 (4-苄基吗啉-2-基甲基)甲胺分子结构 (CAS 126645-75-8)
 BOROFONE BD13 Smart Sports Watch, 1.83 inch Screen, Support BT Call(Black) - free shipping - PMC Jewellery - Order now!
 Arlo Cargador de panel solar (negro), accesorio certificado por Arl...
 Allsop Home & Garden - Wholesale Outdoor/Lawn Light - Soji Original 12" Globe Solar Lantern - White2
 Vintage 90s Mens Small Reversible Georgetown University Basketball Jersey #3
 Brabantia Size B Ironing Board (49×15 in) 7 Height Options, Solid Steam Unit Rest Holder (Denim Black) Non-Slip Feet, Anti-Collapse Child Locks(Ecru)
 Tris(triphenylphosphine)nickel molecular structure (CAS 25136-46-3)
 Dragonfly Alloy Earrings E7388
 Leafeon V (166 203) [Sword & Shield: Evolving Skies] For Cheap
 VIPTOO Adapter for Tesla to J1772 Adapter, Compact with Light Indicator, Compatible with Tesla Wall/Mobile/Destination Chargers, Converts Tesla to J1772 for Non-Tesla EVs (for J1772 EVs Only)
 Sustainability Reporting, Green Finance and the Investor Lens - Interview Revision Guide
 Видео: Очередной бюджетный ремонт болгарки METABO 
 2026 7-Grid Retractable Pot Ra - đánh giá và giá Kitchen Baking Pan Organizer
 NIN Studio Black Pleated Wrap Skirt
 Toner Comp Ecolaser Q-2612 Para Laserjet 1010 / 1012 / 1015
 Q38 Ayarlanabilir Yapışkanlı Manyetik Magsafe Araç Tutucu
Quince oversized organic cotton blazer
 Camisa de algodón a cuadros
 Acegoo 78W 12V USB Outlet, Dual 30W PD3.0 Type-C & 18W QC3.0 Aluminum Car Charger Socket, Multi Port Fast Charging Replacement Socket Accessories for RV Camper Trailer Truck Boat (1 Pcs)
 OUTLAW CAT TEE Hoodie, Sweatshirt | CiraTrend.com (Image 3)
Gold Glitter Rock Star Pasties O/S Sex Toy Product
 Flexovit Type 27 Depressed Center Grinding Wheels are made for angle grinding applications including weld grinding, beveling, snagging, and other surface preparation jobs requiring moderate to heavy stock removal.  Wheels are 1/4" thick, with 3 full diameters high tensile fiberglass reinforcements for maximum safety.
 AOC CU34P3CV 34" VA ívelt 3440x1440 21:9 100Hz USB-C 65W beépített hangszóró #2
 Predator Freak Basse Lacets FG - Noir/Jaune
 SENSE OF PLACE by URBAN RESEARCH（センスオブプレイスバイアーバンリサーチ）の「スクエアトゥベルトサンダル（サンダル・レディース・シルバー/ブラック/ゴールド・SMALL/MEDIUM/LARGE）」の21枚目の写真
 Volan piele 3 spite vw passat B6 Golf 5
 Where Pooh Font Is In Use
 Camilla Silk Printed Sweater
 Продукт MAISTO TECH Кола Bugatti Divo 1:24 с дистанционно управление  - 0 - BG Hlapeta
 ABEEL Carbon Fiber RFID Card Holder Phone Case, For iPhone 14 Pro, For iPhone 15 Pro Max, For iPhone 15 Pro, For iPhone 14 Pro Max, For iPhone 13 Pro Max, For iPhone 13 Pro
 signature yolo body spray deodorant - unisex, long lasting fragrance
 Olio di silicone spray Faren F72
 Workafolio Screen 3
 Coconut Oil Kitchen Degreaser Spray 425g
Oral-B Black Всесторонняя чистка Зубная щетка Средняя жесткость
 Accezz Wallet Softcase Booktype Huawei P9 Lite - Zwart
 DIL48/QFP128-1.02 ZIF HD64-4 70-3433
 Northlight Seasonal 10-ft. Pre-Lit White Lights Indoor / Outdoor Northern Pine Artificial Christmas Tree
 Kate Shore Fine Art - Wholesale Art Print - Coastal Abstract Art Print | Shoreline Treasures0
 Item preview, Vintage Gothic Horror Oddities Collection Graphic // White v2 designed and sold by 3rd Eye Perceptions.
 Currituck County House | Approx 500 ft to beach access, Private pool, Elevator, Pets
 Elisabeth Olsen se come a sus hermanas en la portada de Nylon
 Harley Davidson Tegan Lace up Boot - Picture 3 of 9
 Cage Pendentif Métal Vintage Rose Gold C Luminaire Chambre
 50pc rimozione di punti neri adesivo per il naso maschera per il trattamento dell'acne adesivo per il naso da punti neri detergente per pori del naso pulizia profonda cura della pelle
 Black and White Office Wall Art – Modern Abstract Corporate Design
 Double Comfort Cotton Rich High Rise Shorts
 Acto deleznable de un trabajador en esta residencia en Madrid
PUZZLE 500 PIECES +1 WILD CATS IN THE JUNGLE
-=-=-
## Required action
Please tally the lines above that include the word "Kitchen" and answer with the number by itself.

## Finished exercise
2